=== Study material ===

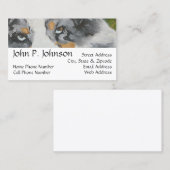 オーストラリアの羊飼いの~の青いMerleのポートレート 名刺 (正面/裏面)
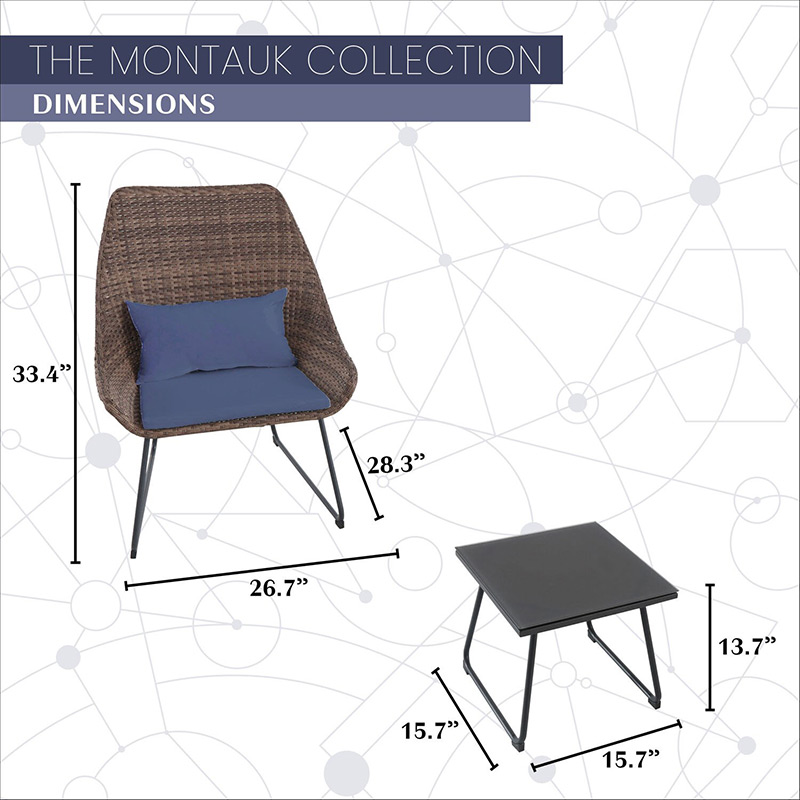 Mod Furniture Montauk 3 Piece Chat Set
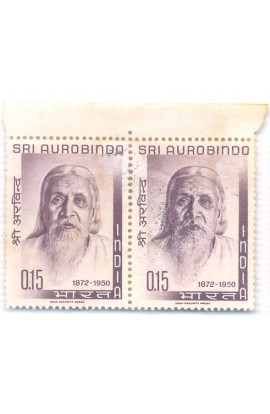PHILA405 INDIA 1964 pair MINT STAMP OF SRI AUROBINDO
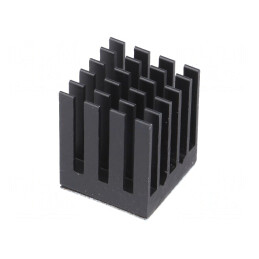 Radiator extrudat cu aripioare BGA negru 17x17mm | Electronic-mag.ro | Componente Electronice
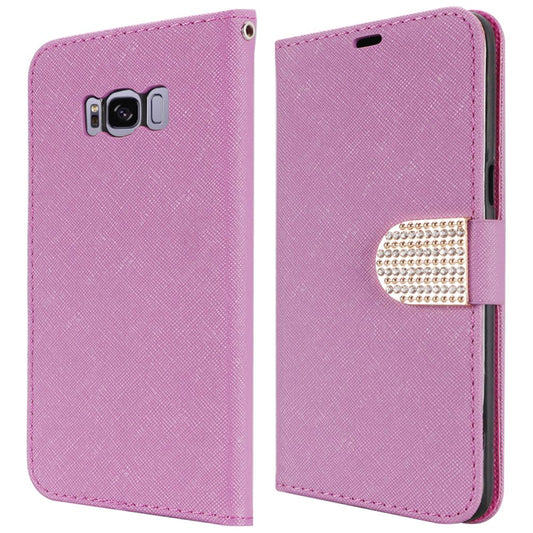 GSA Folio Flip Leather Wallet Case For Samsung S8 Plus - Lilac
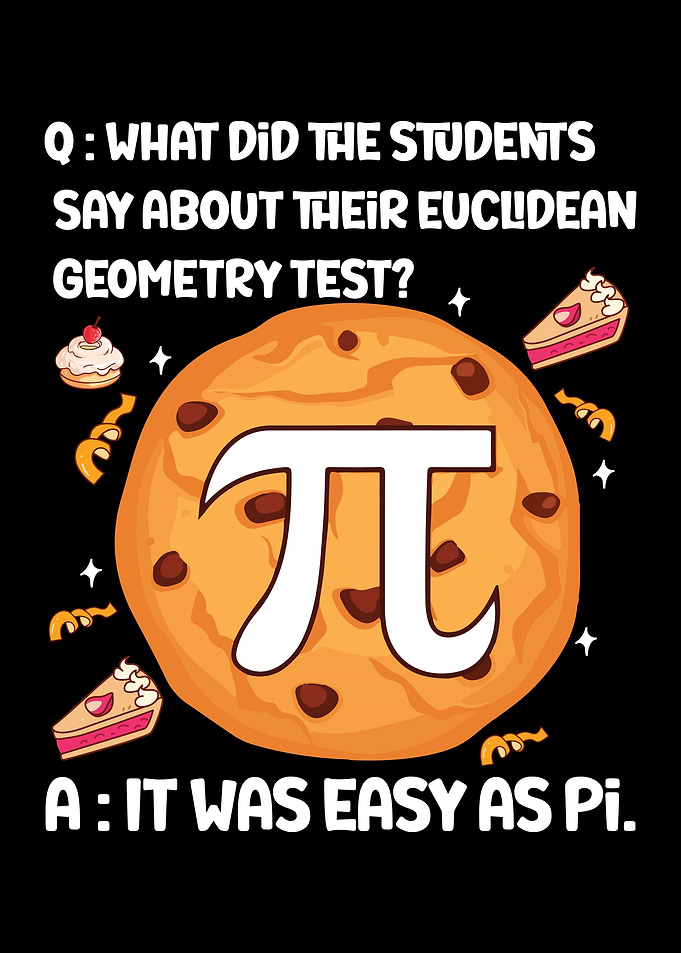 Easy as Pi : Geometry Test Joke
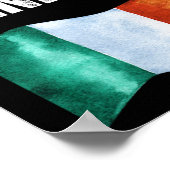 Proud Irish Warrior Irish Republican Clothing  Poster (Hoek)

===

**Instructions for the task:** After locating the line with "Mod Furniture Montauk 3 Piece Chat Set", transcribe it and the rest of the data above exactly as written, without any picture.

**Solution to this task:**
 Mod Furniture Montauk 3 Piece Chat Set
PHILA405 INDIA 1964 pair MINT STAMP OF SRI AUROBINDO
 Radiator extrudat cu aripioare BGA negru 17x17mm | Electronic-mag.ro | Componente Electronice
 GSA Folio Flip Leather Wallet Case For Samsung S8 Plus - Lilac
 Easy as Pi : Geometry Test Joke
 Proud Irish Warrior Irish Republican Clothing  Poster (Hoek)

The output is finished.